━━━━━ Source information

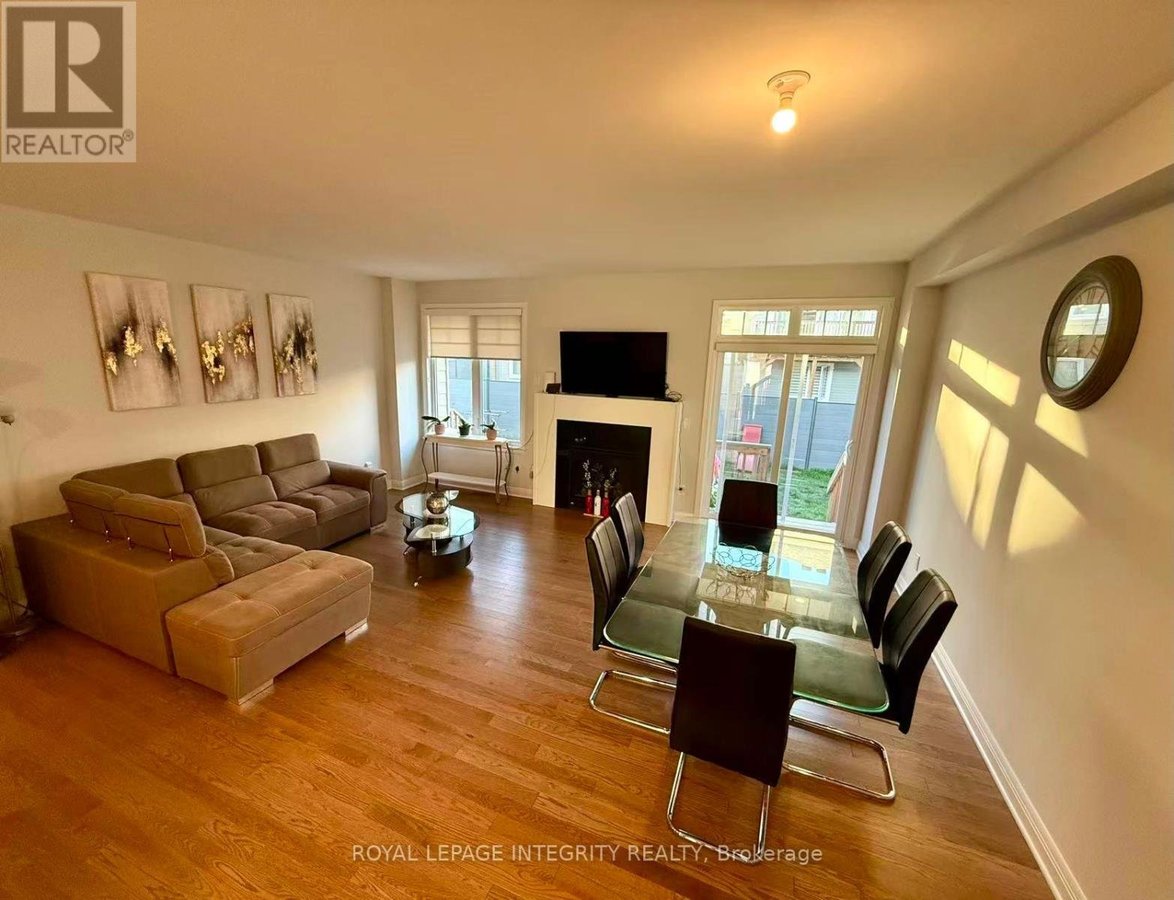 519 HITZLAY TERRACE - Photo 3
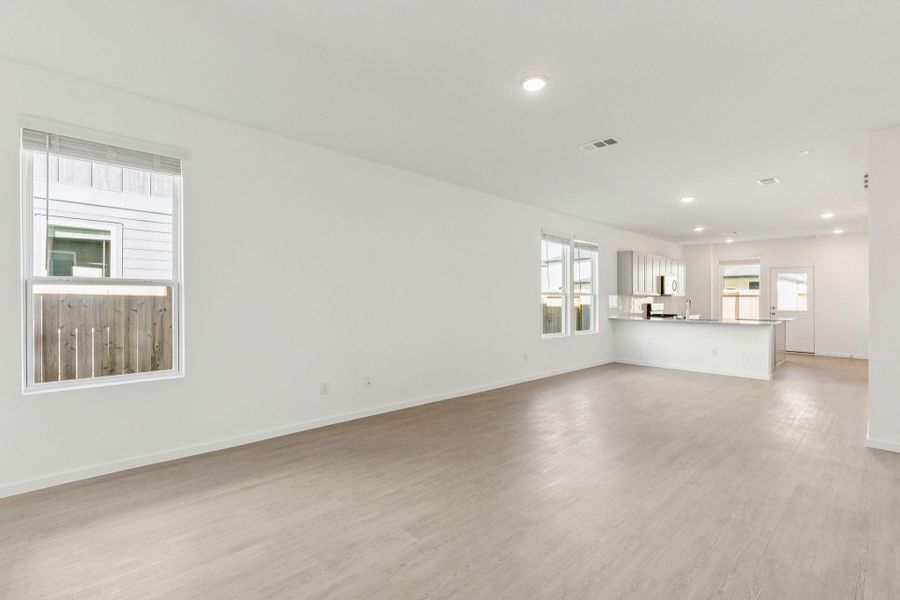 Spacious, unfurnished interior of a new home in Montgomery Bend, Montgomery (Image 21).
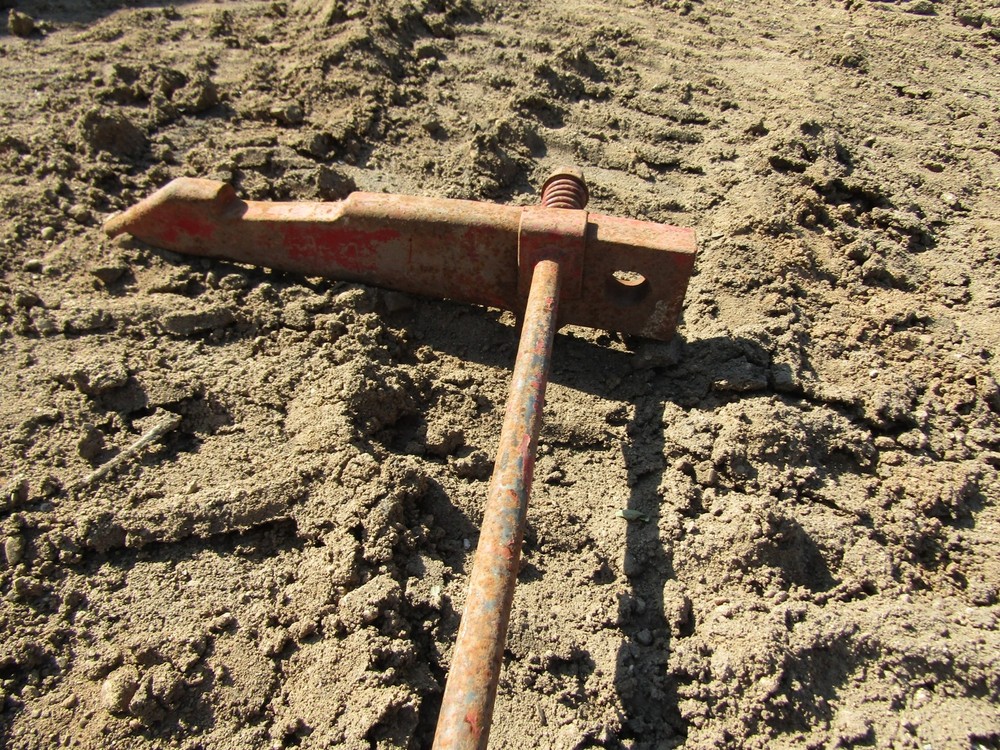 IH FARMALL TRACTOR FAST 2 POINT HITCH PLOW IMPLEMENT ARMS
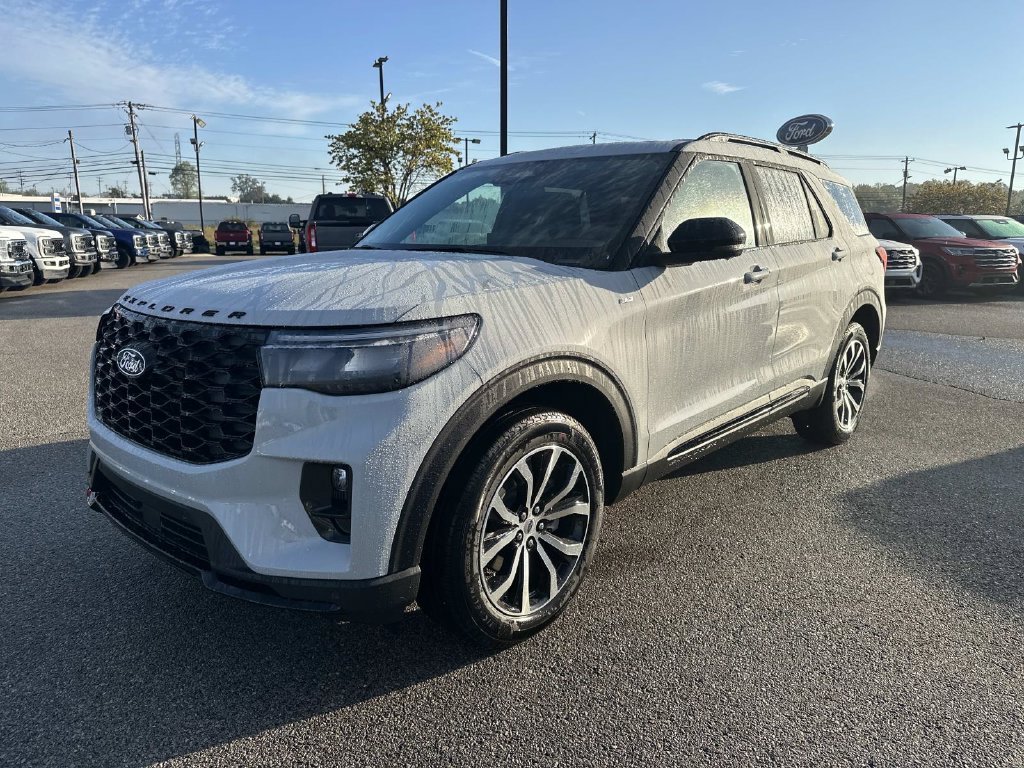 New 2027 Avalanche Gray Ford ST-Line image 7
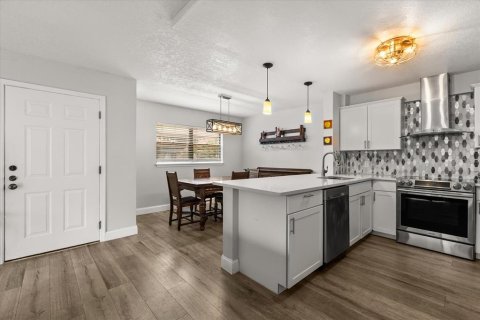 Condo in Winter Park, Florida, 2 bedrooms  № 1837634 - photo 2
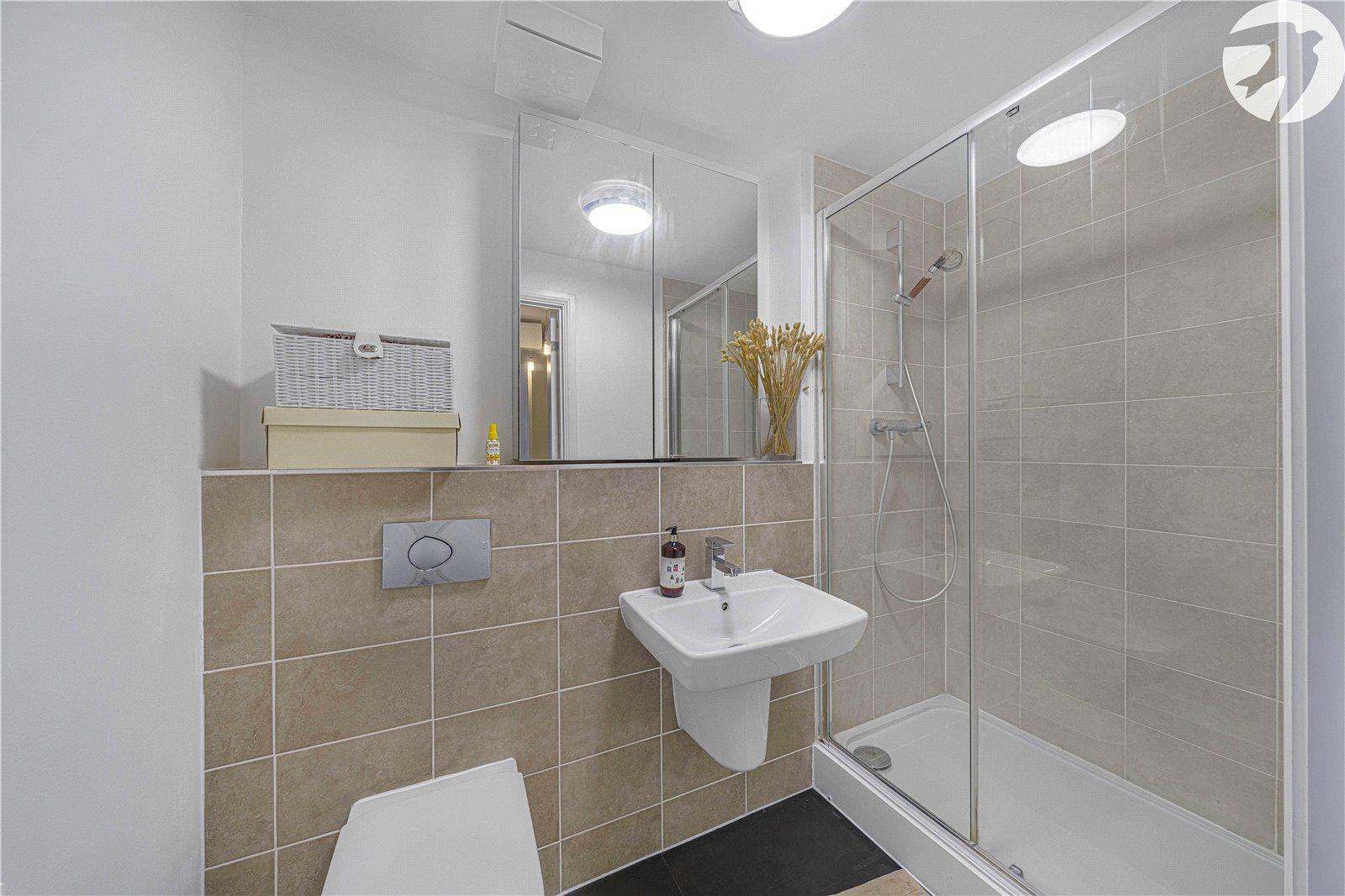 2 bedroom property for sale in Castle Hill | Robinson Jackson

━━━━━━━━━━

# [Assigned task]
Copy out exactly the lines between the line that contains "Condo in Winter" and the last line of the records, both ends included; leave out every picture.

# [Answer to this task]
 Condo in Winter Park, Florida, 2 bedrooms  № 1837634 - photo 2
 2 bedroom property for sale in Castle Hill | Robinson Jackson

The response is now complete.